Over the past year we've reported on Simultaneous Multi-Threading (SMT) technology on Intel CPUs. Although it originally started out as a potential meaning behind the codename Jackson Technology, Intel officially revealed their SMT technology at last fall's IDF. The codename Jackson was replaced with a much more fitting title, Hyper-Threading. But before you can understand how Hyper-Threading works you've got to understand the basis of it, more specifically what threads are and how they work.

What makes an application run? What tells your CPU what instructions to execute and on what data? This information is all contained within the compiled code of the application you're running and whenever you (the user) give the application input, the application in turn sends threads off to your CPU telling it what to do in order to respond to that input. To the CPU, a thread is a collection of instructions that must be executed. When you get hit by a rocket in Quake III Arena or when you click open in Microsoft Word, the CPU is sent a set of instructions to execute.

The CPU knows exactly where to get these instructions from because of a little mentioned register known as the Program Counter (PC). The PC points to the location in memory where the next instruction to be executed is stored; when a thread is sent to the CPU, that thread's memory address is loaded into the PC so that the CPU knows where to start executing. After every instruction, the PC is incremented and this process continues until the end of the thread. When the thread is done executing, the PC is overwritten with the location of the next instruction to be operated on. Threads can interrupt one another forcing the CPU to store the current value of the PC on a stack and load a new value into the PC. But the one limitation that does remain is that only one thread can be executed at any given time.

There is a commonly known way around this, and that is to make use of two CPUs; if each CPU can execute one thread at a time, two CPUs can then execute two threads. There are numerous problems with this approach, many of which you should already be familiar with. For starters, multiple CPUs are more expensive than just one. There is also an overhead associated with managing the two CPUs as well as the sharing of resources between the two. For example, until the release of the AMD 760MP chipset, all x86 platforms with multiprocessor support split the available FSB bandwidth between all available CPUs. But the biggest drawback of all happens to be the fact that applications and the operating system must be capable of supporting this type of execution. Being able to dispatch multiple execution threads to hardware is generally referred to as multithreading; OS support is required to enable multithreading while application support is necessary in order to gain a tangible performance increase out of having multiple processors (in most cases). Keep that in mind as we talk about another approach to the same goal - being able to execute more than one thread at a time - it's time to introduce Intel's Hyper-Threading technology.

Face it, we're inefficient

The term efficiency is always thrown around, not only in the corporate environment but also in our daily lives. It's been said that human beings only use a fraction of the power of their brains; it turns out that the same can be said about CPUs.

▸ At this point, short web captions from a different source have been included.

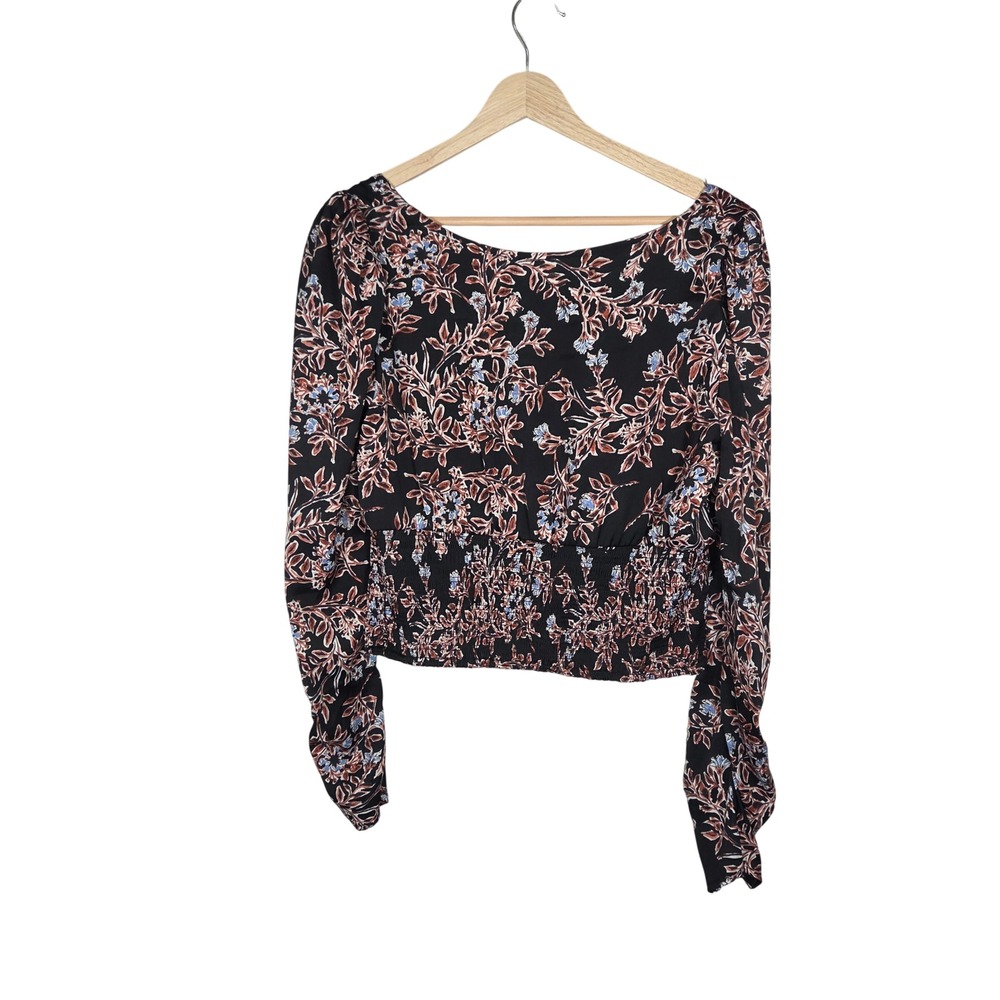 Free People Dark Floral Smocked Crop Top Square Neck Balloon Sleeve Women's L - Picture 2 of 7
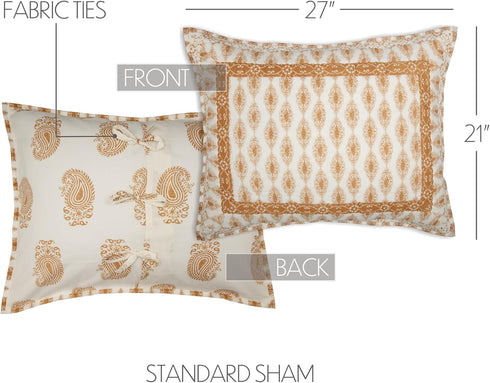 VHC Brands Avani Gold Boho Farmhouse Bedroom Decor - Standard Sham 21x28 for Stylish Home Decor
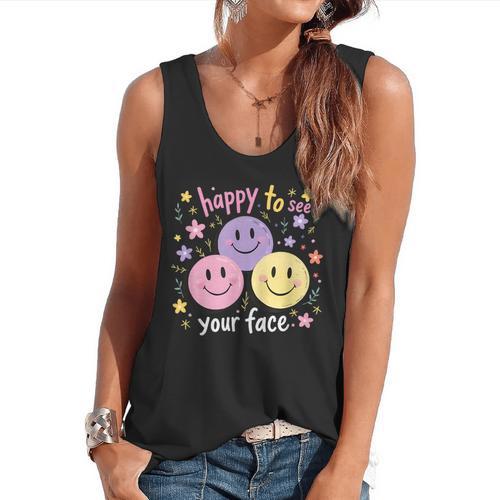 Happy To See Your Face Smile Face Teacher Back To School Flowy Tank - teacherstshirts.com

Take the Pentium 4 for example, the CPU has a total of 7 execution units, two of which can operate on two operations (micro-ops) per clock (these are the double pumped ALUs). And if it were even possible, you wouldn't be able to find software that saturated all of these execution units. The most commonly used desktop software will perform a handful of integer calculations as well as loads and stores but leave the FP units untouched. Whereas a program such as Maya would concentrate almost exclusively on the FP units and leave the ALUs unused. Even applications that primarily use integer operations won't saturate all of the ALUs, especially the "slow" or normal speed integer unit which is primarily used for performing shifts and rotates.

To help better illustrate this let's create a hypothetical CPU with three execution units: an ALU, FPU, and a Load/Store unit for reading from/writing to memory. Let's also assume that our CPU can execute any operation in one clock cycle and it can dispatch operations to all three execution units simultaneously. Now let's feed it a thread that consists of the following instructions:

1+1
10+1
Store Previous Result

The diagram below should help illustrate the saturation level of the execution units (gray denotes an unused execution unit; blue indicates an active execution unit):

As you can see, during every clock only 33% of the execution units are being used. During this time the FPU goes completely unused. According to Intel, most IA-32 x86 code uses only 35% of the Pentium 4's execution units.

Let's take another thread and send it through our CPU's execution units; this time it will consist of a load, an ADD and a store in that order:

Again we notice the same 33% utilization of execution units.

The type of parallelism we're trying to attain here is known as instruction level parallelism (ILP) where multiple instructions are executed simultaneously because of a CPU's ability to fill their multiple parallel execution units. Unfortunately the reality of most x86 code is that there is not as much ILP as we would like there to be so we must find other ways to improve performance. For example, if we had two of these CPUs in our system then both threads could execute simultaneously. This exploits what is known as thread-level parallelism (TLP) but is also a very costly approach to improving performance.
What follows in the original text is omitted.